Summary of SB 590: Paid Family Leave - Eligibility for Care of Designated Persons

Bill Number: SB 590
Introduced: February 20, 2025
Status: Chaptered by Secretary of State. Chapter 772, Statutes of 2025.
Effective Date: July 1, 2028

Purpose and Intent

SB 590 aims to expand the eligibility criteria for California's Paid Family Leave (PFL) program. The bill allows workers to take time off to care for a seriously ill "designated person," thereby broadening the scope of individuals for whom employees can claim paid leave. This change recognizes the importance of caregiving relationships that may not fall under traditional family definitions.

Key Provisions

  • Expansion of Eligibility: Starting July 1, 2028, employees can take paid family leave to care for a seriously ill designated person. A "designated person" is defined as any individual related by blood or whose relationship with the employee is equivalent to a family relationship.

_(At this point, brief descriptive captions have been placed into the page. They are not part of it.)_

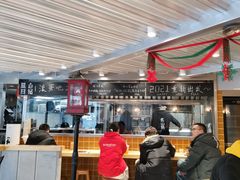 大堂-火山屋台(新街口创始店)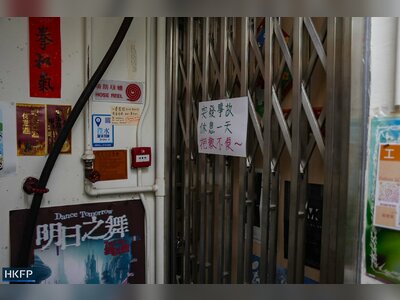 Hong Kong’s National Security Framework Tightens as Crackdown Enters 69th Month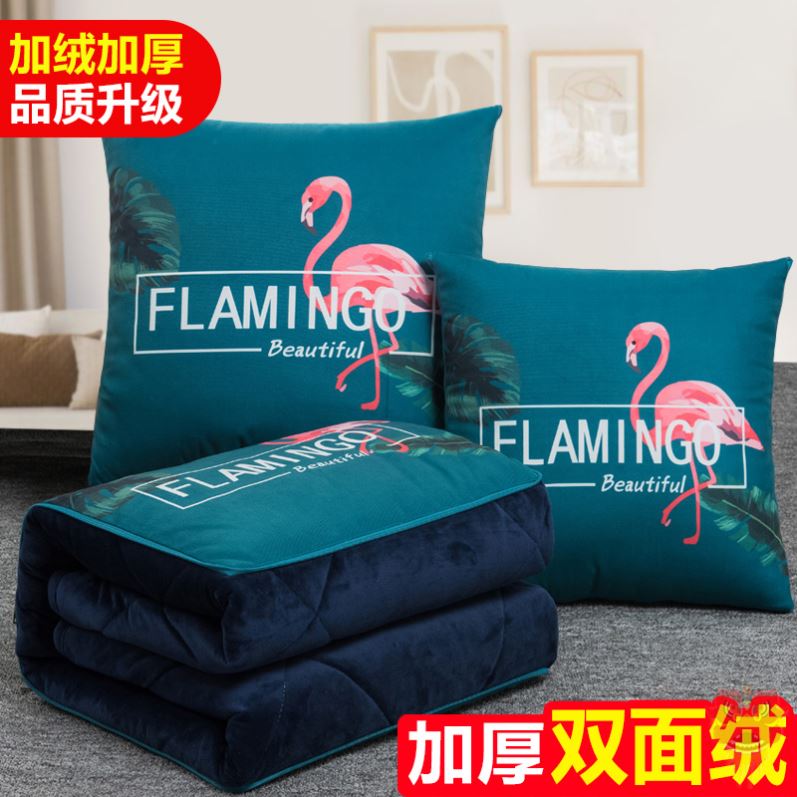 午休毯二合一汽车折叠被子抱枕两用车载靠枕沙发办公室午休毯子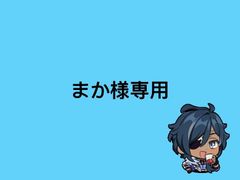 お客様専用ページ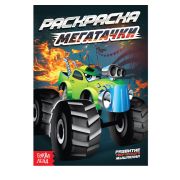 Раскраска «Мегатачки», А5, 10 стр., 4074251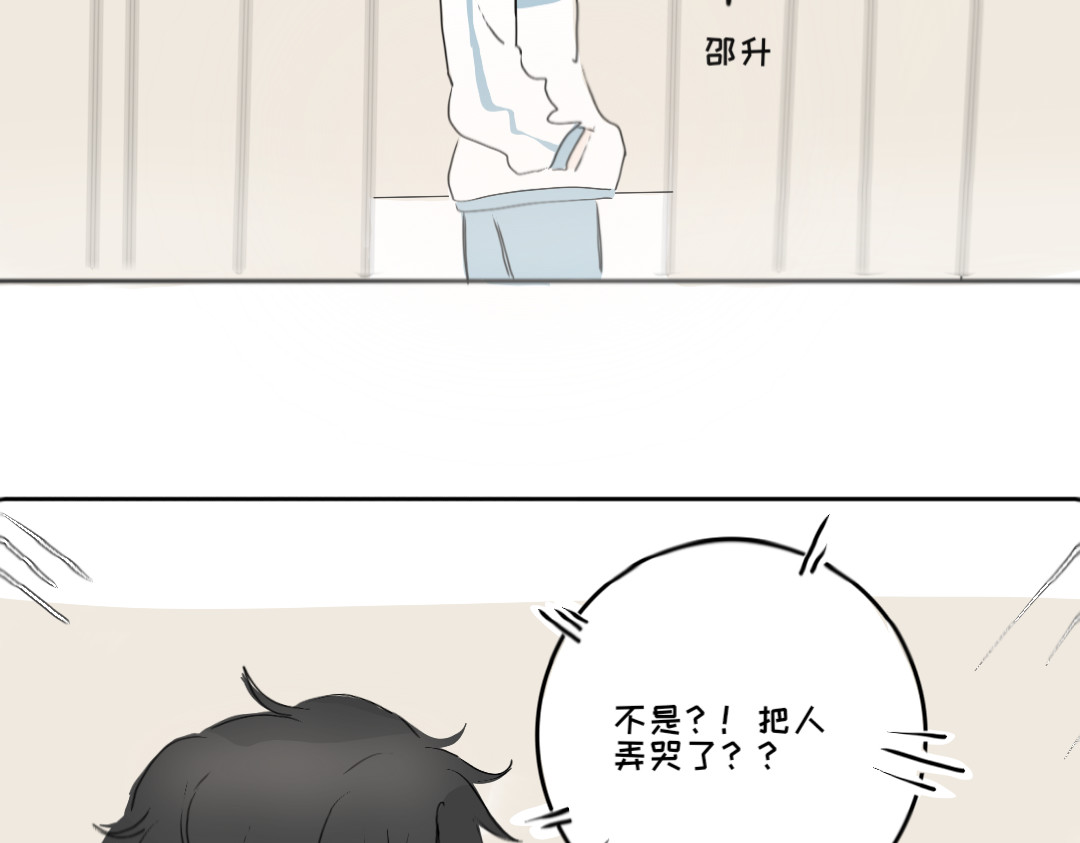 脸皮有点厚了 第四话  你居然欺负女生！？ 第24页
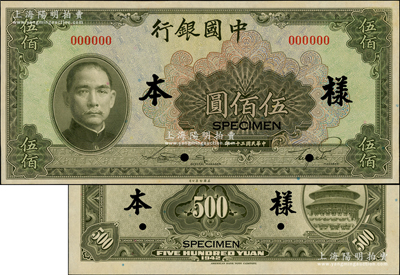 民國三十一年（1942年）中國銀行美鈔版伍佰圓樣本券，正背共2枚，其票樣號碼僅為“0012”號；源于前輩名家之遺藏，原票九五成新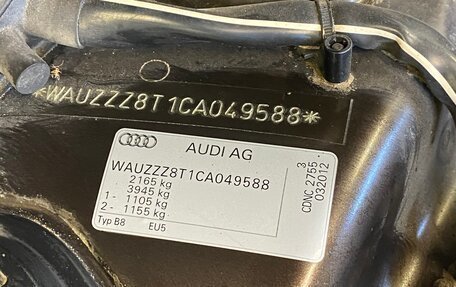 Audi A5, 2012 год, 2 100 000 рублей, 14 фотография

  • Wage Replacement Benefits: The PFL program will continue to provide wage replacement benefits for up to eight weeks for eligible employees who take leave for caregiving purposes.

  • Attestation Requirement: Individuals requesting benefits for the first time to care for a designated person must identify that person and attest, under penalty of perjury, to their relationship, either by blood or through an equivalent association.

  • Conforming Changes: The bill makes necessary adjustments to existing definitions within the law, including those for "family care leave" and "family member."

  • State-Mandated Local Program: By expanding the scope of perjury related to false attestations, the bill imposes a state-mandated local program.

  • No Reimbursement Requirement: The bill specifies that no reimbursement is required for local agencies or school districts for costs mandated by the state under this act.

Impact

  • Who is Affected: The bill will benefit employees who need to take time off work to care for individuals who are not immediate family members but are still significant in their lives. This includes friends or extended family members who may require care during serious illness.

  • Financial Implications: The bill authorizes expenditures from the Unemployment Compensation Disability Fund to support the expanded eligibility, ensuring that funds are available for the increased demand for benefits.

Procedural Aspects

  • The bill was approved by the Governor on October 13, 2025, and has been chaptered into law. It underwent several legislative actions, including amendments and committee reviews, before reaching its final form.

Conclusion

SB 590 represents a significant step towards inclusivity in California's paid family leave policy, acknowledging the diverse nature of caregiving relationships. By expanding eligibility to designated persons, the bill aims to provide essential support to workers who take on caregiving roles beyond traditional family structures.

Compiled from official sources — confirm details with the bill’s official record.